Drawing on the health belief model, the factors we hypothesized would influence communication were parents' perception of the threat of early sexual intercourse (their attitudes toward teen sex and their perception of the likelihood their child will have sex as a young teen); the outcomes they expect from talking about sex with their child; and barriers and facilitators to communication, including characteristics of their relationship with their child, self-efficacy, specific barriers to communication, and their beliefs about the right developmental time for talking about sex. The measures for these factors are described in detail in Table 1.
Table 1

Measures of Potential Influences on Communication

Measure and number of items

Question

Sample items

Response categories

Measures of perception of threat

Parent attitudes toward teen sex (2 items)

For each of the following, please indicate how much you agree or disagree with the statement.

Sexual activity is likely to have harmful psychological and physical effects for teens.

You disapprove of {child name} being sexually active as a young teenager.

1 (strongly agree) to 4 (strongly disagree)

Perception of likelihood child will become sexually active as a young teen (1 item)

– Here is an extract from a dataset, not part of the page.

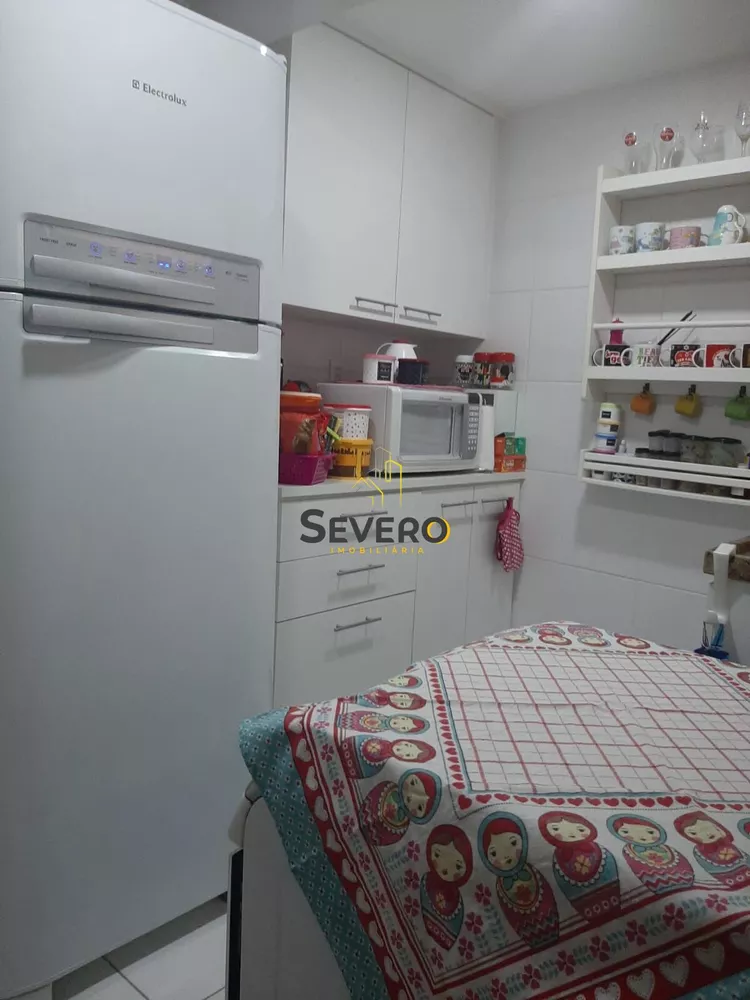 Apartamento, 1 quarto, 52 m² - Foto 7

How likely do you think {child name} would be to be sexually active if asked by someone [he/she] was dating as a young teen?

-

1 (very likely) to 4 (not at all likely)

Measures of perceived benefits of talking

Expectations of outcomes of talking about sex (6 items)

What are your expectations about talking with {child name}? If you talk early and often with {child name} about sexual topics (such as waiting to be sexually active until he/she is older). . .

. . . {child name} will be less likely to be sexually active as a young teen

. . . {child name} will think you are a hypocrite

1 (strongly agree) to 4 (strongly disagree)

Measures of barriers and facilitators to communication

Shared activities with child (6 items)

For the following list of activities, indicate whether this is something you and {child name} do together at least once a week, at least once a month, less often, or never.

Gone shopping

Done homework or school projects when school is in session

1 (at least once a week) to 4 (never)

Closeness to child (5 items)

How often would it be true for you to make each of the following statements about {child name}?

You get along well with [him/her]

{Child name} and you make decisions about [his/her] life together

1 (always) to 4 (never)

Conflict with child (1 item)

During the past 12 months, how often had you argued or had a fight with {child name}?

-

1 (0 times) to 5 (10 or more times)

Self-efficacy for communication about sex (4 items)

How sure are you that you can always explain to {child name} . . .

. . . why he/she should wait until he/she is older to be sexually active

. . . how to make a [boy/girl] wait until [he/she] is ready to be sexually active

1 (completely sure) to 7 (not sure at all)

Barriers to communication about sex (3 items)

How much do you agree or disagree with each of the following statements?

You really don't know enough about sexual activity or waiting to have sex to talk about them with {child name}.

It is easy for you to find the time to talk with {child name} about sexual activity and waiting to have sex.

1 (strongly agree) to 4 (strongly disagree)

Beliefs about timing of talking about sex (1 item)

How much do you agree or disagree with each of the following statements?

You are sure this is the right developmental time to talk with {child name} about sexual activity and waiting to have sex.

1 (strongly agree) to 4 (strongly disagree)

Data Analysis

Because parents are likely to think and talk differently to their children about sex if they believe their child has already engaged in sexual activity, we excluded from the analysis the few parents (15 fathers; 12 mothers) who reported that they thought their child had already been sexually active. This left a total of 829 fathers and 1,113 mothers in the sample.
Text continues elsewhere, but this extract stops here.